“You’re going to get your close-up if you want it,” explains renowned chef and Food Network personality Alex Guarnaschelli. “But when it happens, what will you know how to do, and what will you have to say?” This week, Chef Alex spoke to a packed room of ICE students and graduates as she shared insights from her storied culinary career.
Alongside her in the kitchen was ICE Culinary Arts alum Michael Jenkins, who has worked under Alex at Butter Restaurant for the past 10 years. Michael began as an extern and currently heads the restaurant as chef de cuisine.
“[Before working in the kitchen with Alex] I had never had the experience of trying hard and not succeeding,” says Michael, “but food is very good at humbling you.” Chef Alex echoed that sentiment when describing her career, noting that, as a young cook, she had a Band-Aid on eight out of 10 fingers at all times. She joked, “Cooking is a giant booby trap. You’re going to make a mistake, so just try to make it a different mistake than the last time—at least that way there’s a sense of progress.”
Clearly, Alex has progressed since her days as a young cook. Before stepping onto a set at Food Network, she had already logged 17 years as a culinary professional—including a stint as a chef instructor in ICE’s Culinary Arts program. “When I first appeared on food television, I only had to adapt to the lights and the cameras. Cooking was second nature to me by then, but I’ve seen many chefs step into the spotlight before they were ready.”

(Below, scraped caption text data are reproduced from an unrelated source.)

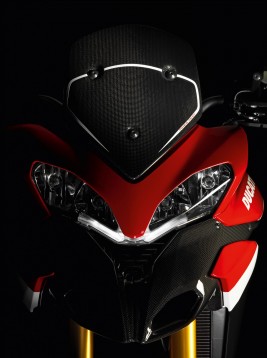Лимитирана серия Ducati Pikes Peak 14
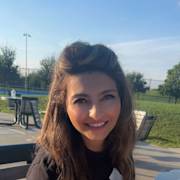 View Service Offered By Sandy Hannoush 
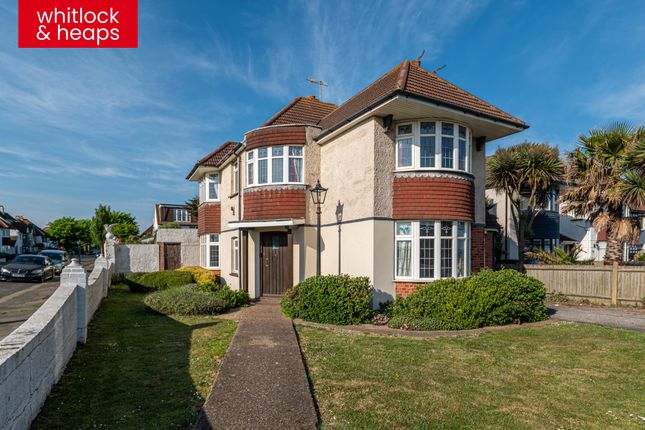 Kingsway, Hove 4 bed detached house for sale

The theme of navigating the early stages of one’s career persisted throughout Alex’s talk, as she fielded student questions and explained her evolution as a chef. “At some point after I had taken over as executive chef at Butter, the question became ‘Why?’—why this ingredient in this dish? I had spent years working with the best ingredients at Guy Savoy and Daniel, and yet I wasn’t connected to them because I hadn’t met the farmers who produced them or sourced the ingredients myself.”
Today, Alex’s ingredient-driven approach—and the way she talks about ingredients—has become her claim to fame. Her advice to novice chefs is to approach balancing flavors like mixing paint: “If you start with black, you have to keep pouring white paint into it to achieve gray, and you end up with six hotel pans of paint. Instead, start with your white—your mild ingredients—and add a dab of the stronger flavors.”

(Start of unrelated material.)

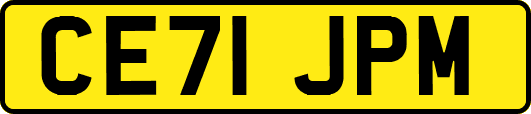 CE71JPM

Alex also imparted industry wisdom that extended beyond cooking. She spoke of self-knowledge and how her stormy temperament led her away from a desk job and into the kitchen. She also noted—despite her and other chefs’ reputations for being tough leaders—that the foundation of any successful kitchen is the social aspect: “Spending my time building relationships and loyalty is the thing I’m proudest of in my life.” As far as what keeps this famous chef going, it would appear to be her endless drive to do better. “I’ve discovered that, for me, an eternal state of semi-dissatisfaction is a pretty good place to live.”